Harshman and colleagues reported on 14 patients treated with either sunitinib (n = 10) or sorafenib (n = 4) prior to nephrectomy [10]. Presurgical therapy was given with the intention to convert two patients with locally advanced disease to an operative state, downstage nine patients prior to cytoreductive nephrectomy, and three patients prior to metastasectomy. Patients were treated a median of 17 weeks prior to surgery and had a median 2-week washout period. Six of the 11 patients with primary renal masses experienced shrinkage, with median primary tumor shrinkage of 18 % (range 17–25 %).

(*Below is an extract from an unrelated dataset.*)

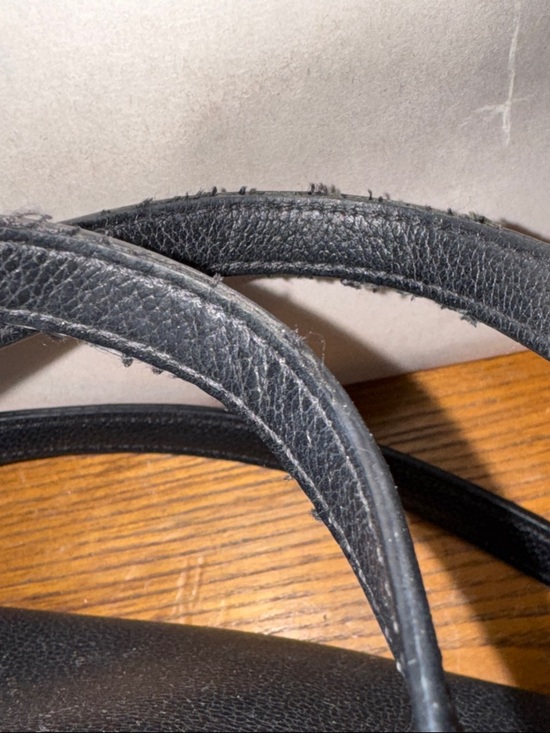 kate spade Black Pebbled Leather Satchel with Crossbody Strap - Picture 10 of 16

Karam et al. published the most recent presurgical study [11]. This 23-patient trial tested the impact of axitinib on downsizing primary tumors in patients with biopsy-proven nonmetastatic clear cell RCC. Patients with locally advanced RCC received axitinib 5 mg PO BID for up to 12 weeks. Axitinib was continued until 36 h prior to surgery. Patients then underwent either partial or radical nephrectomy. Median reduction of primary RCC diameter was 28.3 %. Eleven patients experienced a partial response by RECIST. Thirteen patients had stable disease. The most common side effects included hypertension, fatigue, mucositis, hypothyroidism, and hand-foot syndrome. Postoperatively, two grade 3 and 13 grade 2 complications were noted. No grade 4 or 5 complications were reported in this trial. The impressive results seen in this pilot trial suggest that axitinib may be the most effective cytoreductive antiangiogenic agent in the presurgical setting. Nonetheless, these patients were different from most of the other studies in that they did not have metastatic disease. This may imply that these tumors were less genomically complex and as such may be more responsive to therapy. Follow-up studies in the metastatic presurgical setting are required to confirm the observations seen in this trial.

Despite their small size, these studies provide us with some important information. The first is that pretreatment with antiangiogenic agents does appear to have a modest but consistent downsizing effect on primary tumor size. The second is that there are relatively few instances of downstaging, defined by the switch from a more elaborate or extirpative to a less significant surgery. This could be due to two possibilities. The first is that we are hitting the right target with these agents, but the agents lack potency. The second is that we need to hit either alternate or additional targets with presurgical therapy to see a meaningful change in surgical needs. The recent data with axitinib suggest that it may provide the strongest impact on primary tumors and as such warrants further investigation.